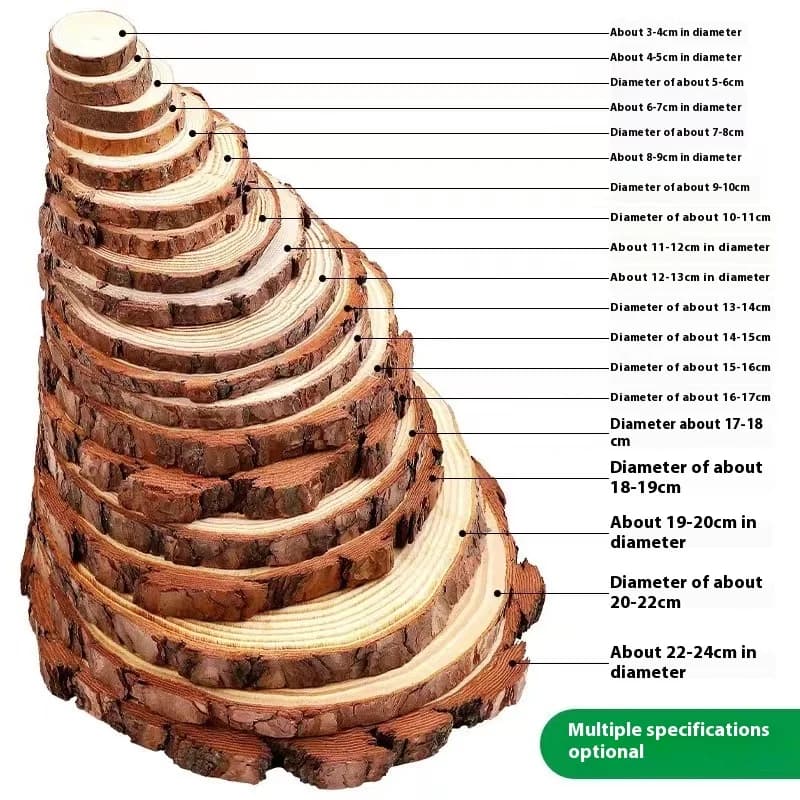 Chip di tronchi trucioli di legno di pino fai da te asilo fatto a mano in legno rotondo sfondo decorativo muro incisione laser anno legno rotondo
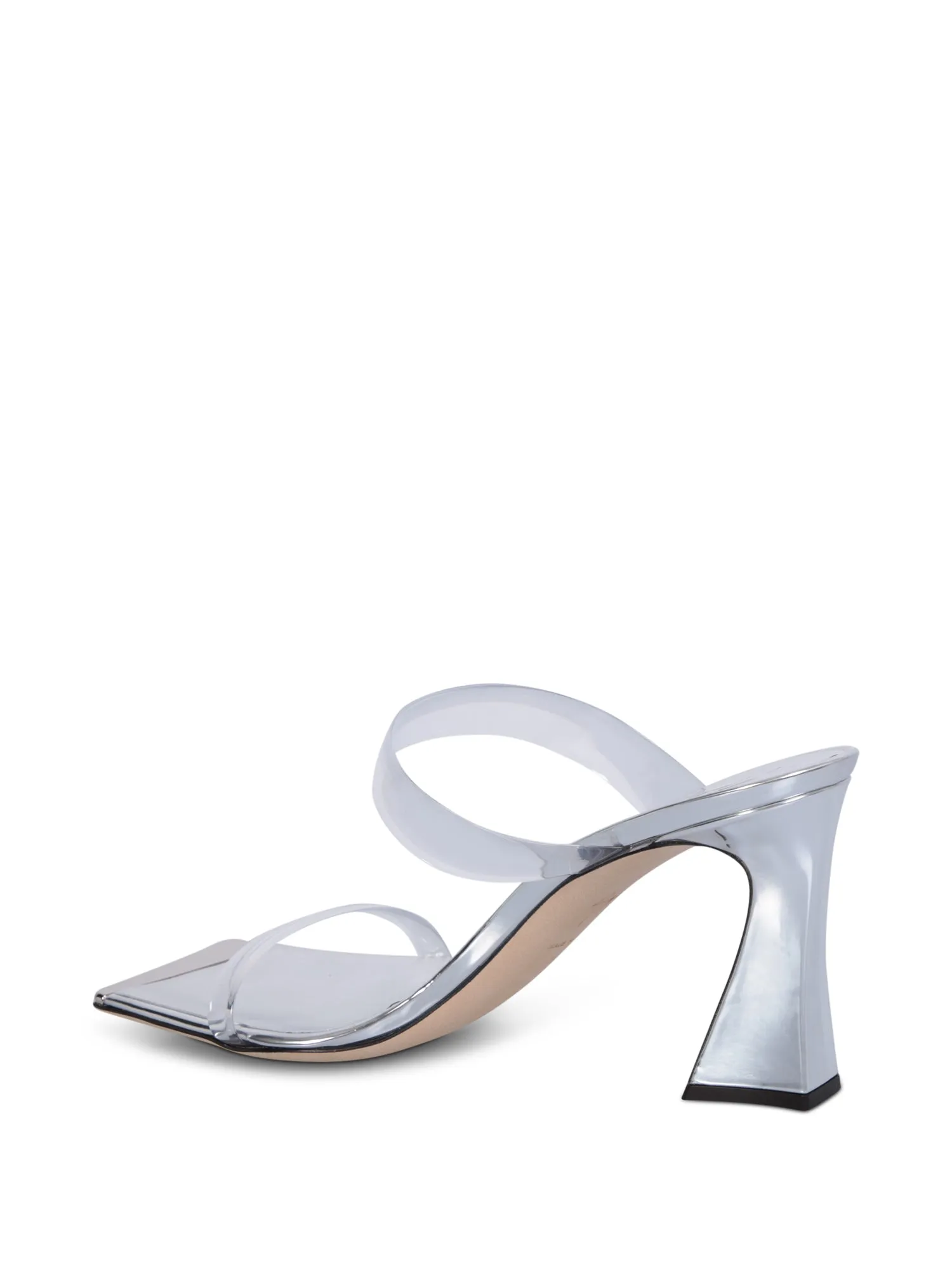 Transparent block-heel mules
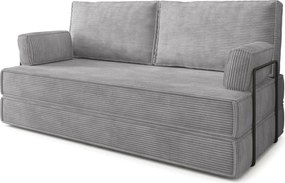 Masseno Sofa piankowa SILAR z funkcją spania, Kanapa z pianki do salonu, Bezmontażowa, Tkanina sztruksowa – Jasnoszary POSO 55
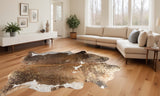 6' X 7' Brown And White Cowhide Area Rug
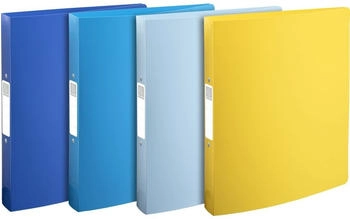 Exacompta 12x Ringbuch A4 Maxi mit 2 Ringen 30mm, Recycling-PP, BeeBlue - Farben sortiert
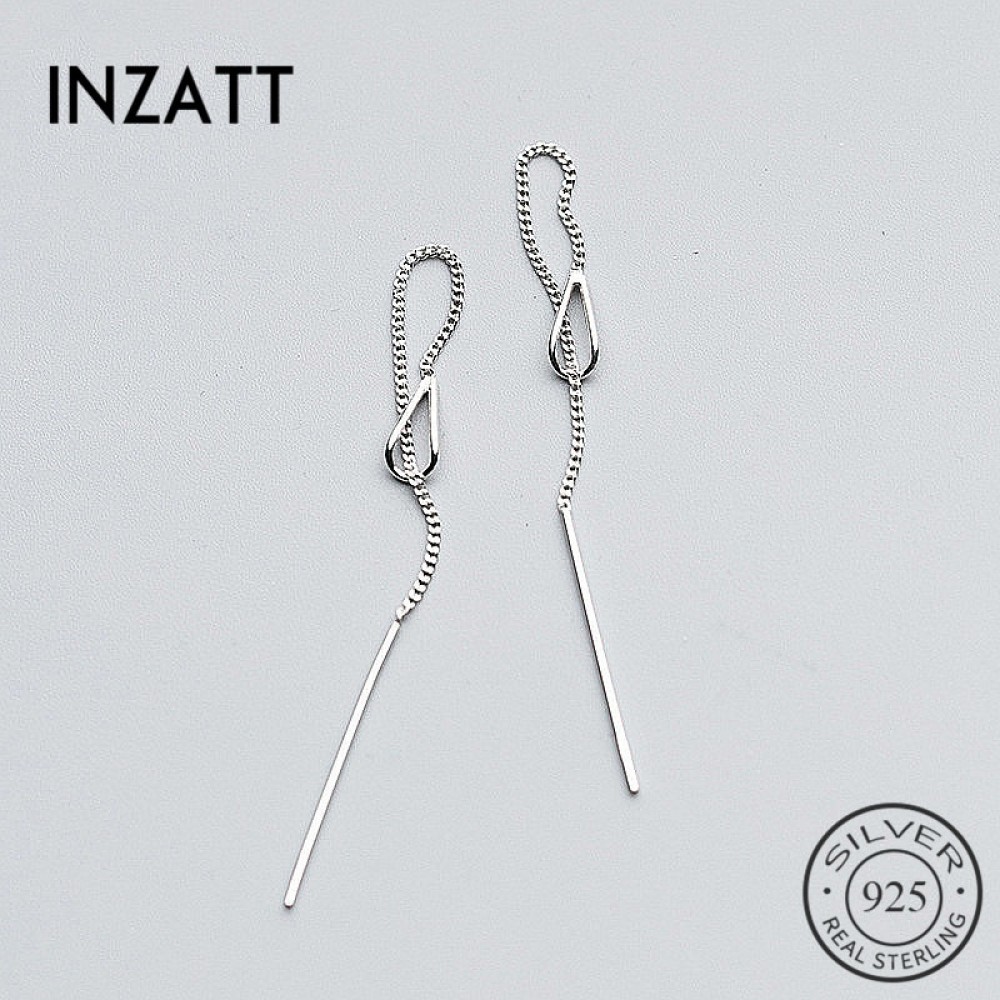 INZATT Real 925 Sterling Silver Elegant Chain Tassel Stick Bar Dangle Drop Earrings Personality Fine Jewelry For Women Party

Task item: These lines alone form the answer: the one containing "6' X 7' Brown And White Cowhide Area Rug" and every line after it through the end of the material, exactly as written, pictures left out.

Solution:
 6' X 7' Brown And White Cowhide Area Rug
 Exacompta 12x Ringbuch A4 Maxi mit 2 Ringen 30mm, Recycling-PP, BeeBlue - Farben sortiert
 INZATT Real 925 Sterling Silver Elegant Chain Tassel Stick Bar Dangle Drop Earrings Personality Fine Jewelry For Women Party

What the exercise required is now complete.